Are the reverse on the Tiguan PCB board LEDs or removable?


----------



## socialD (Sep 19, 2011)

*Recall - back up lights not bright enough*

Saw someone on the Facebook group mention that they couldn't take delivery on an SEL Premium due to this recall forcing a stop sale. Weird, if there was anything light related I expected to be recalled it was the LED headlights on the Premium.

https://www.cars.com/articles/2018-volkswagen-tiguan-recall-alert-1420697913271/
Vehicles Affected: Approximately 5,500 model-year 2018 Volkswagen Tiguan long-wheelbase SUVs

The Problem: The backup lights in the taillight assemblies may not be bright enough, which could lead to other drivers not seeing the vehicle reversing or the driver backing into an obstacle, increasing the risk of a crash.

The Fix: Dealers will replace the affected inner taillight assemblies for free. 

What Owners Should Do: VW will begin notifying owners in December. Owners can call the automaker at 800-893-5298, the National Highway Traffic Safety Administration's vehicle-safety hotline at 888-327-4236 or visit www.safercar.gov to check their vehicle identification number and learn more.


----------



## vdubs kopfschuss GLI (Sep 25, 2014)

just ran my VIN on the VW site, my car needs this fix.

also, read from another thread, so there IS a software update for the automatic headlights?


----------



## socialD (Sep 19, 2011)

Sounds like it, I'm waiting for some other reason for it to go to the dealer first for the auto lights update. Don't want to take it in just for that.


----------



## JSWTDI09 (Feb 22, 2009)

vdubs kopfschuss GLI said:


> just ran my VIN on the VW site, my car needs this fix.

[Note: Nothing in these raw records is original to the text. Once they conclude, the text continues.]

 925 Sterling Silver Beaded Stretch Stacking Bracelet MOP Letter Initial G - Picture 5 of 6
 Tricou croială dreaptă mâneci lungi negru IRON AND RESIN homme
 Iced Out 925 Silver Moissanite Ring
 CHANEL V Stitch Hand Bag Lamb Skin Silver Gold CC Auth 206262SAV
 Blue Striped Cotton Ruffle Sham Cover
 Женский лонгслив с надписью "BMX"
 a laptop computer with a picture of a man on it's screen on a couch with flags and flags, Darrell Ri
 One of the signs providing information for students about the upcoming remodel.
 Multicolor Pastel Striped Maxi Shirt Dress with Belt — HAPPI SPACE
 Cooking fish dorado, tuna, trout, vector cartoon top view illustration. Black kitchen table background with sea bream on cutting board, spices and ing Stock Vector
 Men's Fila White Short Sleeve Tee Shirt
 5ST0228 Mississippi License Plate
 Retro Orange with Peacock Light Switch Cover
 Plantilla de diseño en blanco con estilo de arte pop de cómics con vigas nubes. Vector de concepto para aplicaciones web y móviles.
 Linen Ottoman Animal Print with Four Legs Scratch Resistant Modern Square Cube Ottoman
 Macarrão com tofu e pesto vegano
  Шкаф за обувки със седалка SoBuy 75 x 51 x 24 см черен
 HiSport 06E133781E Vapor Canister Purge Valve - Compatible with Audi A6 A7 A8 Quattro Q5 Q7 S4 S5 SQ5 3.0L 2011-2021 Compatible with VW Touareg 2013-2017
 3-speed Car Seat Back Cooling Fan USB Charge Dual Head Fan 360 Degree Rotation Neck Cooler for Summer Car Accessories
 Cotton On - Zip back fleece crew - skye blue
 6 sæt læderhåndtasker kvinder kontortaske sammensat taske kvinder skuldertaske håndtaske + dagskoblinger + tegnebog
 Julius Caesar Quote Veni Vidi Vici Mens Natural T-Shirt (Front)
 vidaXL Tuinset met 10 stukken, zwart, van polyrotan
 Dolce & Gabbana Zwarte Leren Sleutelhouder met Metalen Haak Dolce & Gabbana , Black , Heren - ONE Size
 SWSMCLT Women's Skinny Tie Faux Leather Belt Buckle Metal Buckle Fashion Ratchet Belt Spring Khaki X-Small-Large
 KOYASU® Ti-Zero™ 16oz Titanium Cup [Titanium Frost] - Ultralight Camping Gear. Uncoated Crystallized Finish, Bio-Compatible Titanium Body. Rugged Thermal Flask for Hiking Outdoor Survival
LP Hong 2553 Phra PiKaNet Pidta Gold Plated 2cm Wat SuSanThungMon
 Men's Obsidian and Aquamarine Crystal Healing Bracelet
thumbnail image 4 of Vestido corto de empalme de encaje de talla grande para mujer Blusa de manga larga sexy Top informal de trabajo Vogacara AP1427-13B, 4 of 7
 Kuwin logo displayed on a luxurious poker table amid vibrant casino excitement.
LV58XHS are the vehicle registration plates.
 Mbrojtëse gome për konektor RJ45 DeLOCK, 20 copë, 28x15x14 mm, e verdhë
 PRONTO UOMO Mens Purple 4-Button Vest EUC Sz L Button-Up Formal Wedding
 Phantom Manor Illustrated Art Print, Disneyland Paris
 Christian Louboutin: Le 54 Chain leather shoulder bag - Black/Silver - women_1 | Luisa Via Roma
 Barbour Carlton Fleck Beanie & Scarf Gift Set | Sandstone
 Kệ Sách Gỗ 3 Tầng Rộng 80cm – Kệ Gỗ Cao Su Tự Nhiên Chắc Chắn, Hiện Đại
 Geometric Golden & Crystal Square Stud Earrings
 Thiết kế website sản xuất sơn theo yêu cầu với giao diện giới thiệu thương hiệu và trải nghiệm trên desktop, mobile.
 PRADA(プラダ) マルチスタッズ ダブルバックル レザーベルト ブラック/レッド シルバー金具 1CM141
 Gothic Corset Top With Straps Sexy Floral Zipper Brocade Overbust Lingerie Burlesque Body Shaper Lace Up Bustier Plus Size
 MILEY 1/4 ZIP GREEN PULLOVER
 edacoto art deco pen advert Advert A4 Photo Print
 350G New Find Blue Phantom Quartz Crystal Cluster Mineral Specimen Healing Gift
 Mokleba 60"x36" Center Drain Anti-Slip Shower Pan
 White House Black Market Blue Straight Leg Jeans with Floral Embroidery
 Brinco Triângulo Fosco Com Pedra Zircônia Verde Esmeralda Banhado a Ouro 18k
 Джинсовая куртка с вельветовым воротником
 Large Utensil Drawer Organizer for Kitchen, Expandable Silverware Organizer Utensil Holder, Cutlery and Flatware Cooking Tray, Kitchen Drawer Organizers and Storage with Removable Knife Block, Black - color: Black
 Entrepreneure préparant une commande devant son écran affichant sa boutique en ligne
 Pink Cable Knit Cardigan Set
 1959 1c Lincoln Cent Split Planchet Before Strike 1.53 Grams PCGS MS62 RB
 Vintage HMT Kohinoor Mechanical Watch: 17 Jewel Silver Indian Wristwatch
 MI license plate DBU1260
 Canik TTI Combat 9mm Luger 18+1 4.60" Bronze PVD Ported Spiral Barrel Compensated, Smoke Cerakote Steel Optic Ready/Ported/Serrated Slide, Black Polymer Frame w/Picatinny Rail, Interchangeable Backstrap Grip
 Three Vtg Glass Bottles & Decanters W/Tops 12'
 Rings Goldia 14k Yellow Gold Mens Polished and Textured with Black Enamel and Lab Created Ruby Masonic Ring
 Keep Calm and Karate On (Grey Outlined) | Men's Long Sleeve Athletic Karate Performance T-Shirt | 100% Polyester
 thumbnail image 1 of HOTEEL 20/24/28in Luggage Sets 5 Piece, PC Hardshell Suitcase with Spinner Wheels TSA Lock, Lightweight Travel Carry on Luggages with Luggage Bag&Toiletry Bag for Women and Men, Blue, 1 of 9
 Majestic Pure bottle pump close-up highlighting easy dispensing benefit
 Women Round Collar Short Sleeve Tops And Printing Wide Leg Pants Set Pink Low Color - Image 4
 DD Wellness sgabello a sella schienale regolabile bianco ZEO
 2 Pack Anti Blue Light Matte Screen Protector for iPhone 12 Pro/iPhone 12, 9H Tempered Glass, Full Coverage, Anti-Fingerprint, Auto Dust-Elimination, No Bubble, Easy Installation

 I just ran my VIN and got an error message saying that my VIN could not be processed at this time. I have tried several times from several computers. I do not know why they do not know my VIN. Have Fun! Don


----------



## deAutoLED.com (Jun 1, 2012)

Is this a regular bulb or pcb board LED?


----------



## JenSnyder1083 (Nov 20, 2017)

JSWTDI09 said:


> I just ran my VIN and got an error message saying that my VIN could not be processed at this time. I have tried several times from several computers. I do not know why they do not know my VIN. Have Fun! Don


Got the same message when I input my VIN too
With 6/2017 build date, you'd think I'd be in the system!


----------



## socialD (Sep 19, 2011)

Try running through VW's site.
http://www.vw.com/owners-recalls/


----------



## JSWTDI09 (Feb 22, 2009)

socialD said:


> Try running through VW's site. http://www.vw.com/owners-recalls/


 At least they know that it is a 2018 Tiguan, but it finds no open recalls. Have Fun! Don


----------



## Code Red! (Sep 22, 2011)

Also just as an FYI, talked to my sales person about ordering an Orange one, and she said no stop sale is in effect, the reverse light issue is fixed and I could order one if I wanted.


----------



## JenSnyder1083 (Nov 20, 2017)

socialD said:


> Try running through VW's site.
> http://www.vw.com/owners-recalls/


Thanks.

"We could not find recall/service campaign information about this vehicle because:
This vehicle does not have an open recall/service campaign;
A recall/service campaign was issued more than 15 years ago; OR
There was an internal server error."

haha - I'm assuming it's the no open recalls and not server error.


----------



## vdubs kopfschuss GLI (Sep 25, 2014)

deAutoLED.com said:


> Is this a regular bulb or pcb board LED?


here is what my recall states.
sounds like it is just a bulb replacement to me, but i am not certain.


----------



## deAutoLED.com (Jun 1, 2012)

vdubs kopfschuss GLI said:


> here is what my recall states.
> sounds like it is just a bulb replacement to me, but i am not certain.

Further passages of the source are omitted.